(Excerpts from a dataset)
::::::
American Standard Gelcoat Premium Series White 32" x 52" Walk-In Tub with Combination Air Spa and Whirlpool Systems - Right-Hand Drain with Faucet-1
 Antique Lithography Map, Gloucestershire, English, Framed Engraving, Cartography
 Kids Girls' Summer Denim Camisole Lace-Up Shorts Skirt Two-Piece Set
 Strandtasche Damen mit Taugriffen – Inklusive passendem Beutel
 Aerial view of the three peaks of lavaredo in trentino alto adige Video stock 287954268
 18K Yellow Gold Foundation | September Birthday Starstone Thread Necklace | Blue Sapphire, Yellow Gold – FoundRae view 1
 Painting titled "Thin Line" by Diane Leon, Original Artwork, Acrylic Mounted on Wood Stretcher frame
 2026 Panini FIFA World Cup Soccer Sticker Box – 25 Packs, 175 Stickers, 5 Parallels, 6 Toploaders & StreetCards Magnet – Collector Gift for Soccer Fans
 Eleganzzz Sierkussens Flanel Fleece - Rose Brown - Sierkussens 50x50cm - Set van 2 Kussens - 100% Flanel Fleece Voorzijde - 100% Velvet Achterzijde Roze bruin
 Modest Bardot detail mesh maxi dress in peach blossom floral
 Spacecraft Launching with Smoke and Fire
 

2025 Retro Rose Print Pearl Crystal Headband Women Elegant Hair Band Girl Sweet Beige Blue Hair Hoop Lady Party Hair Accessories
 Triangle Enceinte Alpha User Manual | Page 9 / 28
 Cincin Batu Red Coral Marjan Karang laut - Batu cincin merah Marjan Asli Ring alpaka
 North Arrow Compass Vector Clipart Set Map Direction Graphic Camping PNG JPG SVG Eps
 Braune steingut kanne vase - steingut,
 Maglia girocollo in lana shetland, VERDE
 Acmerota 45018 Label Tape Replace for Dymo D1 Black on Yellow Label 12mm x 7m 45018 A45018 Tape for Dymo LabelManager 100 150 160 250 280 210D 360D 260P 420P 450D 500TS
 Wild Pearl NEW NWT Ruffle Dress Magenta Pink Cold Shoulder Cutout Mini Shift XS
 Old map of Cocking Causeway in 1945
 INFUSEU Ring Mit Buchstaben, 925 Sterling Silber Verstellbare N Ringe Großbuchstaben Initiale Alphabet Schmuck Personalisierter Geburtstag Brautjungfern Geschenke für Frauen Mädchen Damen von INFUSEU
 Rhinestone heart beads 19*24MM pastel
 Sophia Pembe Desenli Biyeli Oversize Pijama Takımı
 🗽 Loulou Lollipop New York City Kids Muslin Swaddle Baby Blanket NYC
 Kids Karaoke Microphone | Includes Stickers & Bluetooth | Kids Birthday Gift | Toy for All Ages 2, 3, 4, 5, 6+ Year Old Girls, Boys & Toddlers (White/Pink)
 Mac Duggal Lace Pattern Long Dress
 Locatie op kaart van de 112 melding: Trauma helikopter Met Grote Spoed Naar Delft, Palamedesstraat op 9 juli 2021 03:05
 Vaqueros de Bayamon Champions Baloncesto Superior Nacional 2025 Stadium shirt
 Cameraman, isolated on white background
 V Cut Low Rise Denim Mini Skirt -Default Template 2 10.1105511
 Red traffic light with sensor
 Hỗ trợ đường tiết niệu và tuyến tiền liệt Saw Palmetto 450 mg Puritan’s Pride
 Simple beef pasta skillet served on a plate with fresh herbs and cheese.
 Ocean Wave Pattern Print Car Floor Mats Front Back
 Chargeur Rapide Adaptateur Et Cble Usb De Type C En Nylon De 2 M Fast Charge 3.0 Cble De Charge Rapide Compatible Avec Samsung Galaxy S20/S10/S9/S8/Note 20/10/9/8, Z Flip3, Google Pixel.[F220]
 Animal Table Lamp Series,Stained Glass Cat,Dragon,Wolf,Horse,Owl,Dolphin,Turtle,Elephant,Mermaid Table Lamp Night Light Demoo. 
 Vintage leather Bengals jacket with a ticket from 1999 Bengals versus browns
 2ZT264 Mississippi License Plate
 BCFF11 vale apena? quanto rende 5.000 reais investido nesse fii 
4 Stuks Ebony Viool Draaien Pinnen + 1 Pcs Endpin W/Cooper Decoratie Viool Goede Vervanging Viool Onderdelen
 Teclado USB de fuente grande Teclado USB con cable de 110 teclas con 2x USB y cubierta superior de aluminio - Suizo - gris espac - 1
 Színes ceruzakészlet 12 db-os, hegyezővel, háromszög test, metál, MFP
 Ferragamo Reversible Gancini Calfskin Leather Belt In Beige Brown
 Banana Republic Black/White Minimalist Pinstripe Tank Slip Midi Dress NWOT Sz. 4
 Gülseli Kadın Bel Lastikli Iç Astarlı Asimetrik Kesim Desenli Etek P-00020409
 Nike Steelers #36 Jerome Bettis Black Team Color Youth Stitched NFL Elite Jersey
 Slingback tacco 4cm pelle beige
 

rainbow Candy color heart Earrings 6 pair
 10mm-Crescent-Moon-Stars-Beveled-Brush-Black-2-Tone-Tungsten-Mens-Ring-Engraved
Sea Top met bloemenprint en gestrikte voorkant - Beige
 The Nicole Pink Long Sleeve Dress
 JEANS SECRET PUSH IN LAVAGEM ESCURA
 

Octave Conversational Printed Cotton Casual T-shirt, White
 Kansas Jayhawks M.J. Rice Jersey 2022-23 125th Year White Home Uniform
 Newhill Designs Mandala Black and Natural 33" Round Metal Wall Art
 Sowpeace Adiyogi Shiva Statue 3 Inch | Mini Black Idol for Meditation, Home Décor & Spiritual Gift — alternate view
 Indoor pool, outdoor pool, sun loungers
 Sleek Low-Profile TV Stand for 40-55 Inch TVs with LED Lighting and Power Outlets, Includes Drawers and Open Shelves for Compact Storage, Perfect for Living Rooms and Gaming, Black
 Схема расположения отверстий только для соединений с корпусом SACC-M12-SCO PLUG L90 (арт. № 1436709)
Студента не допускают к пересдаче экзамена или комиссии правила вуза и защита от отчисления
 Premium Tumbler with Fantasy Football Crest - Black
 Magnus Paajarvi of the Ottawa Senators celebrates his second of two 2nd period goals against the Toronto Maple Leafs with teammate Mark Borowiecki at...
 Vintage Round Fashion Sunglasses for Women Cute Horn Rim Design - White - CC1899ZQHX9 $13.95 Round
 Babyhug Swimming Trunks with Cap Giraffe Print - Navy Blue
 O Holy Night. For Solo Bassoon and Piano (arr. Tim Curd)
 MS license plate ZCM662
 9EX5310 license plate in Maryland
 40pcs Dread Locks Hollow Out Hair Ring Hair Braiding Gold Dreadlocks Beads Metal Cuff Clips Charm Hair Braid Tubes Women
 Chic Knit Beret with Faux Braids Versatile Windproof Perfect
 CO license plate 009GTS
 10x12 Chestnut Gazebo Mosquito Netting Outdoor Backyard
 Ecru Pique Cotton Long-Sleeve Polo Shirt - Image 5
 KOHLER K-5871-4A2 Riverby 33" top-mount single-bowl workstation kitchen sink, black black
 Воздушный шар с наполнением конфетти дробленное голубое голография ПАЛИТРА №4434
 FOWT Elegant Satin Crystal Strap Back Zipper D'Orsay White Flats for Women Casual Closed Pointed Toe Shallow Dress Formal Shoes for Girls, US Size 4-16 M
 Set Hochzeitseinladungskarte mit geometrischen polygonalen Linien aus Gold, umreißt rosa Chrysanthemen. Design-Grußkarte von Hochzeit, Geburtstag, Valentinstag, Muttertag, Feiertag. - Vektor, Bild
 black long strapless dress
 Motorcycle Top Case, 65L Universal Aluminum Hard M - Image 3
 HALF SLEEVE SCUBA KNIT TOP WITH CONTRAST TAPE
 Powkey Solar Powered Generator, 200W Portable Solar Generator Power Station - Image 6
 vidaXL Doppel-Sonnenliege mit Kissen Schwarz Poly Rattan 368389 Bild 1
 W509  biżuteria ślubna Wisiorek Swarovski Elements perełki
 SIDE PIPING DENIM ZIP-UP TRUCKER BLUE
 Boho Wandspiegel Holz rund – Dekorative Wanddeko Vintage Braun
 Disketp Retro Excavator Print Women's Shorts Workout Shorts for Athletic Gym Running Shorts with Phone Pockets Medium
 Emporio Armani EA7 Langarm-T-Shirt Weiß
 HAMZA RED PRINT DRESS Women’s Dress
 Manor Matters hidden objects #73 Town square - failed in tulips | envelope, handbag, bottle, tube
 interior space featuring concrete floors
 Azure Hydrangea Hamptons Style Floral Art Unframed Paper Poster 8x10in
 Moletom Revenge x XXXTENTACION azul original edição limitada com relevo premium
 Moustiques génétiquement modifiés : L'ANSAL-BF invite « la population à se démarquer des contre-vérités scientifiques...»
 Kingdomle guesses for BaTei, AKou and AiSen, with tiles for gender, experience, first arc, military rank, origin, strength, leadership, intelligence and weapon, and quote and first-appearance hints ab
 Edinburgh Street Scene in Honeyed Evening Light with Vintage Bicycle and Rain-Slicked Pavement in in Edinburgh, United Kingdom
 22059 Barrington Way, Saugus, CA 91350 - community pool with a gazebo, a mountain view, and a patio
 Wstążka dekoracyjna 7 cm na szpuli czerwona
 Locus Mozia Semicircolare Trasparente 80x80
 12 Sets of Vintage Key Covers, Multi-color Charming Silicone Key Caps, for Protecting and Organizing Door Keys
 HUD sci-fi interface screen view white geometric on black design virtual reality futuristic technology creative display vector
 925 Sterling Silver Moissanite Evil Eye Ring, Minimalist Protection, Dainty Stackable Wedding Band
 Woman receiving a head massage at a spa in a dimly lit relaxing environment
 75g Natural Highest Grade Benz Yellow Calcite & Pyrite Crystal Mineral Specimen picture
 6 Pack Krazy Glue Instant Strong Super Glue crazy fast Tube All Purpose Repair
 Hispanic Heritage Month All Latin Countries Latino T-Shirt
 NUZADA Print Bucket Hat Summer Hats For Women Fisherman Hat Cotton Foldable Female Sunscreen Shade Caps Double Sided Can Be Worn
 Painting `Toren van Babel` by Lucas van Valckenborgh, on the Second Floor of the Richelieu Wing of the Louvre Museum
::::::
### Your goal
Out of the records, collect only those lines that contain the string "Geburtstag".

### Task output
 INFUSEU Ring Mit Buchstaben, 925 Sterling Silber Verstellbare N Ringe Großbuchstaben Initiale Alphabet Schmuck Personalisierter Geburtstag Brautjungfern Geschenke für Frauen Mädchen Damen von INFUSEU
 Set Hochzeitseinladungskarte mit geometrischen polygonalen Linien aus Gold, umreißt rosa Chrysanthemen. Design-Grußkarte von Hochzeit, Geburtstag, Valentinstag, Muttertag, Feiertag. - Vektor, Bild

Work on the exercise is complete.